Walken’s film career skyrocketed after his unforgettable role as Duane Hall, brother to Diane Keaton’s title character in Woody Allen’s Oscar-winning Best Picture, ANNIE HALL. Since then, Walken has appeared in more than 50 feature films including Herbert Ross’ Oscar-nominated PENNIES FROM HEAVEN; David Cronenberg’s adaptation of Stephen King’s THE DEAD ZONE; James Foley’s AT CLOSE RANGE, opposite Sean Penn; Mike Nichol’s BILOXI BLUES, based on the Neil Simon play; Abel Ferrara’s gritty crime drama KING OF NEW YORK; and Joe Roth’s comedy, AMERICA’S SWEETHEARTS, co-starring Julia Roberts, Billy Crystal, and John Cusack.

Recently, Walken has succeeded in creating some of the most memorable characters in film history, appearing in supporting and cameo roles such as Vincenzo Coccotti in Tony Scott’s TRUE ROMANCE, Captain Koons in Quentin Tarantino’s PULP FICTION, Carlo Bartolucci in SUICIDE KINGS, the Headless Horseman in Tim Burton’s SLEEPY HOLLOW, and crooked businessman Max Shreck in Burton’s BATMAN RETURNS.

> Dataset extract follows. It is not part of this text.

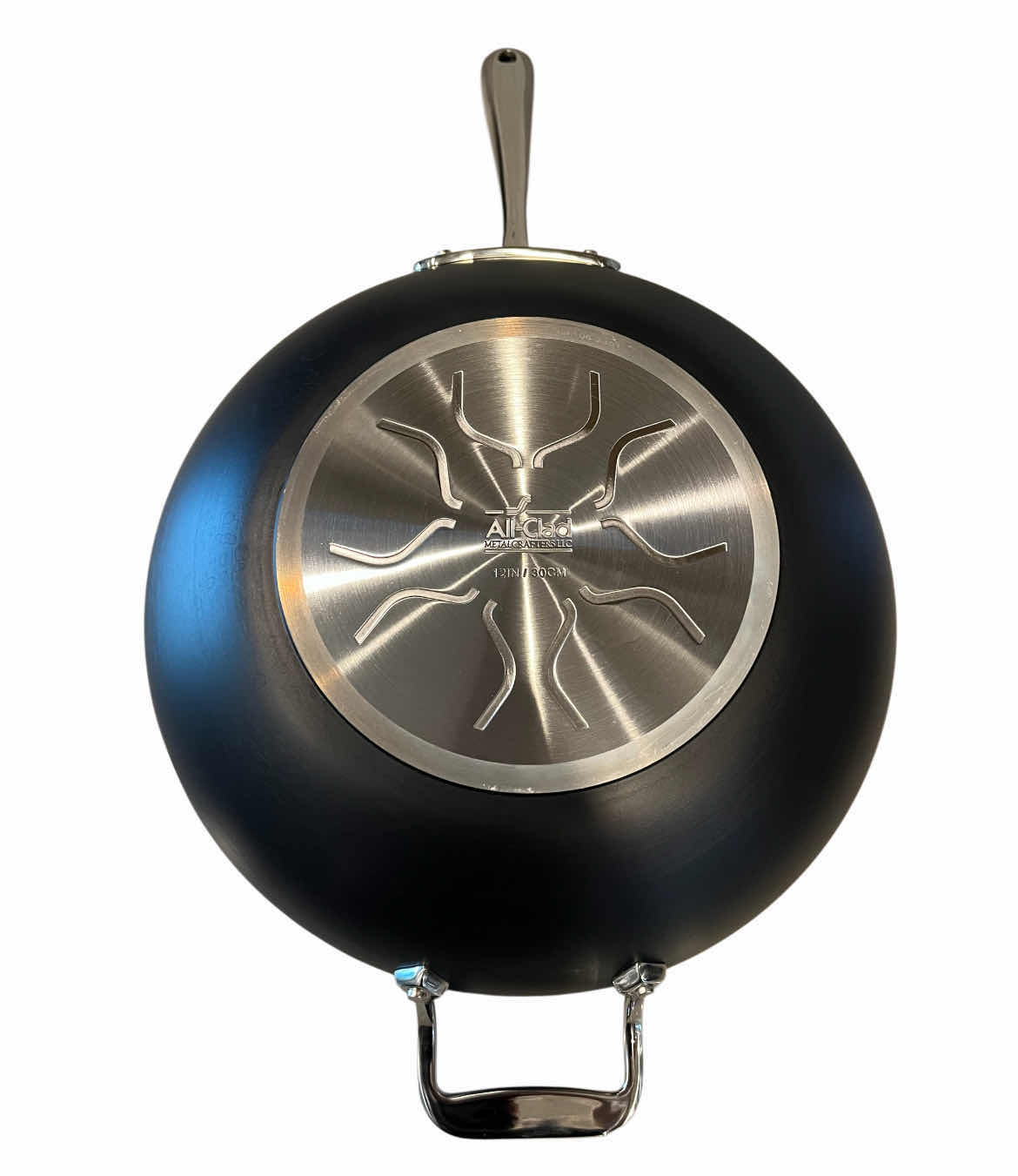 Photo 1 of ALL-CLAD NON-STICK WOK W LID 12” X 3.5”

Walken’s upcoming films include Barry Levinson’s ENVY, with Ben Stiller and Jack Black; THE STEPFORD WIVES, with Nicole Kidman; and AROUND THE BEND, with Michael Caine. Walken began acting and dancing at the age of 10. He trained to be a dancer at the Professional Children’s School in Manhattan and eventually went on to appear in numerous stage plays and musicals. He received the Clarence Derwent Award for his performance in the Broadway production of THE LION IN WINTER, an Obie Award for his role in THE SEAGULL, a Theatre World Award for THE ROSE TATTOO, and the 1997 Susan Stein Shiva Award for his work with Joseph Papp’s Public Theater.

In the summer of 2001, Walken again appeared in a revival of Chekhov’s THE SEAGULL for the New York Shakespeare Festival, directed by Mike Nichols, opposite Meryl Streep and Kevin Kline. In the Fall of 1999, he co-starred in the stage adaptation of James Joyce’s THE DEAD. On television, Walken has hosted “Saturday Night Live” six times since 1990, contributed a mesmerizing dance performance to the Spike Jonze-directed music video for Fat Boy Slim’s “Weapon of Choice,” and wrote and directed the short film POPCORN SHRIMP, which premiered on Showtime in 2001.